• **Exercise requirements**
All lines from the one including "In this video" to the bottom of the entries below should be repeated exactly, both ends kept.

=====

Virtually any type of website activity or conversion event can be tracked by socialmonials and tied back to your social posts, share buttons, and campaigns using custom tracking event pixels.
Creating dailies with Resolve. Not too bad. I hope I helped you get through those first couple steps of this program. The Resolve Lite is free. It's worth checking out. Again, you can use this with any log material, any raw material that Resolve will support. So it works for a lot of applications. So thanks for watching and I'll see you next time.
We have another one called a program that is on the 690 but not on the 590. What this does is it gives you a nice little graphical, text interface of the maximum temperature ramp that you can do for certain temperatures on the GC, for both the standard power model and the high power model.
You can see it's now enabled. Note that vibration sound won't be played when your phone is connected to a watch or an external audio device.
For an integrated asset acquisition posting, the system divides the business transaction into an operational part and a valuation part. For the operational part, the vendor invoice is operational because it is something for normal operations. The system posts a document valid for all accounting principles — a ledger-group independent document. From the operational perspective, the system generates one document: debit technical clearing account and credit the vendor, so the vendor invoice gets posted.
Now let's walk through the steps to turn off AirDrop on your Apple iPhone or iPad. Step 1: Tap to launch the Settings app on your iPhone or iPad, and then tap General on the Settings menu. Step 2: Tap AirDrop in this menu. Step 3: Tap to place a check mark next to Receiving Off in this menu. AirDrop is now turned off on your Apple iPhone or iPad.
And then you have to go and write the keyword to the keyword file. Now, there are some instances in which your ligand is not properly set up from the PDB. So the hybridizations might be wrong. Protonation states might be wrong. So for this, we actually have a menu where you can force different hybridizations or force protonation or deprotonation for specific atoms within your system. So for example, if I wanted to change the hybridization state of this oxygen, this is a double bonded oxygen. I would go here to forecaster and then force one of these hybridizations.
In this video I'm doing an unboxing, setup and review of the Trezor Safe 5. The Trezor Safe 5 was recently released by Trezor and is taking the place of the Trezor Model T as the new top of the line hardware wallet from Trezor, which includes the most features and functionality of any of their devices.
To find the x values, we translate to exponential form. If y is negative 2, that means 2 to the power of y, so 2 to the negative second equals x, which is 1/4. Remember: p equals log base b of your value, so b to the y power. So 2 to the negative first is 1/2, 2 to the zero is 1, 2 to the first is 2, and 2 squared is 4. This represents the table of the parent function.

=====

• **The completed task**
In this video I'm doing an unboxing, setup and review of the Trezor Safe 5. The Trezor Safe 5 was recently released by Trezor and is taking the place of the Trezor Model T as the new top of the line hardware wallet from Trezor, which includes the most features and functionality of any of their devices.
To find the x values, we translate to exponential form. If y is negative 2, that means 2 to the power of y, so 2 to the negative second equals x, which is 1/4. Remember: p equals log base b of your value, so b to the y power. So 2 to the negative first is 1/2, 2 to the zero is 1, 2 to the first is 2, and 2 squared is 4. This represents the table of the parent function.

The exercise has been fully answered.